- **YOUR TASK**
Among the lines below, restate word for word only those from the line with "Listaordenacaoeselecao 410 001" through the line with "disco duro externo", with both end lines kept.

- **PROVIDED DATA**
**********

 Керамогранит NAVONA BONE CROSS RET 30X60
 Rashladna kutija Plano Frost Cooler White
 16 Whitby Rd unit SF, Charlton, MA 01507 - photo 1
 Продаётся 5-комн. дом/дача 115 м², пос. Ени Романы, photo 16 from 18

**********

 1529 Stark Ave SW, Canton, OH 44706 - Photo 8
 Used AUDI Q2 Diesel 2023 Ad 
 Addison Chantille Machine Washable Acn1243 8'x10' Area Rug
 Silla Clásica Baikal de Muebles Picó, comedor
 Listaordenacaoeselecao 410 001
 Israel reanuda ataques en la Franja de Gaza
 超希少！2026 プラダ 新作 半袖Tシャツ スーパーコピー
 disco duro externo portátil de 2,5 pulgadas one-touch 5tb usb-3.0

**********

- **WRITTEN SOLUTION**
 Listaordenacaoeselecao 410 001
 Israel reanuda ataques en la Franja de Gaza
 超希少！2026 プラダ 新作 半袖Tシャツ スーパーコピー
 disco duro externo portátil de 2,5 pulgadas one-touch 5tb usb-3.0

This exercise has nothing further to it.